We begin with the best at keeping and exporting talent:
(6.) OHIO (Bonus)
Schools: Akron, Bowling Green, Cincinnati, Kent State, Miami (OH), Ohio, Ohio State, Toledo
It’s unfortunate that a team that went undefeated last season (12-0) finds itself looking up at the Top 5, especially in a gridiron stomping ground such as the Buckeye State. Regardless, Ohio’s eight-school CV is impressive, starting with the Bearcats and rocketing down to the Zips.
In-state players make up a combined 53 percent of the rosters. Ohio exports 282 players to D-I programs in other states.
Cincinnati and Ohio State each have won or shared four of the last five Big East and Big Ten titles, respectively. Couple that success with the fact that Ohio has six more schools than Georgia and the argument can be made that Ohio should be at No. 5 rather than the Peach State.
Schools: Georgia, Georgia Tech
We’re looking at two key factors when determining the strength of a state, not just the prowess of one particular school within said state.
One is retaining talent, as measured by the percentage of in-state players on the roster. The other is the amount of players a state sends to the other 40 states with at least one FBS school. For the purpose of this study, we’ll refer to those commingled, co-ed transplants as “exports.”
The Georgia schools (70 percent in-state; 507 exports) are good at doing both; very few states can compare to the Peach State’s talent pool.
Only two states succeed at building rosters with more of its own players. Georgia’s ability to produce teams with a combined 70 percent of its homegrown talent helps explain a Georgia team that finished No. 5 in the AP poll last year with a 12-2 record and has had just one sub-.500 season in the last 16 years. Combined with Georgia Tech, the state is 37-18 the last two years.
But Georgia doesn’t just keep 'em, they also ship 'em out. There are only three states that export more than the 507 Georgia players on the spring rosters of the 40 other states that have at least one FBS program.
You’ll find a Georgia product at 89 of the 120 FBS schools — including at Alabama, Auburn, Clemson, Florida, Florida State, South Carolina, Tennessee and Vanderbilt, schools that import more Georgians than players from any other state. There are nearly twice as many Georgia-based players (47) as there are Tennesseans on the Middle Tennessee State (26) roster.

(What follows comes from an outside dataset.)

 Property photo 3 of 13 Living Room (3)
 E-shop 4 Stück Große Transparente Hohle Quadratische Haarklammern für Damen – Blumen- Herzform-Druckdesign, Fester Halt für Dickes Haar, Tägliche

The state’s talent pool hasn’t gone unnoticed. Georgia has an opportunity to keep more of its players home when Georgia Southern and Georgia State join the FBS pool within the next two seasons.
Schools: Alabama, UAB, Auburn, South Alabama, Troy
Alabama doesn’t possess stats comparable to those of the other Top 5 states, but it has something every state covets: national titles.
The Yellowhammer State owns the last four American Football Coaches Association National Championship Trophies — including the first back-to-back titles in the BCS era.
Two of the last four Heisman winners (Mark Ingram, Alabama, and Cam Newton, Auburn) played their college ball on Alabama soil.
But neither Ingram nor Newton were true Alabamians.
As a collective state, Alabama retains enough home-grown talent to fill 46 percent of its five FBS college teams. That’s only five percentage points higher than the national average and trails a dozen other states, including Hawaii (52 percent), Missouri (62.5), New Jersey (53) and Missouri (48).
The 140 'Bama-grown players on rosters of opposing schools make Alabama the 10th-best state at exporting players.
Alabama is the perfect example, however, that oftentimes it’s quality rather than quantity.
Look no further than two-time champion and 2013 Heisman hopeful AJ McCarron. The Crimson Tide quarterback was born and raised in Mobile, Ala.
Schools: Central Florida, Florida Atlantic, Florida International, Florida, Florida State, Miami, South Florida
The very mention of Florida solicits a wide range of images. Many of them are good, others bad. The one constant in Florida — outside of the Magic Kingdom — is football. And Florida is better than most when it comes to the gridiron.
The Sunshine State is second only to Texas when it comes to building through homegrown talent. Of Florida’s 1,252 players in the FBS, 477 of them play in the same state where they went to high school (72 percent of Florida's FBS rosters).
Florida most often calls on Georgia to supply the Sunshine State with talent. But the 43 Georgians on Florida rosters pales in comparison to the state’s 646 FBS players.
On the export side, only California sends more of its players elsewhere, but the numbers are close (783 to 775).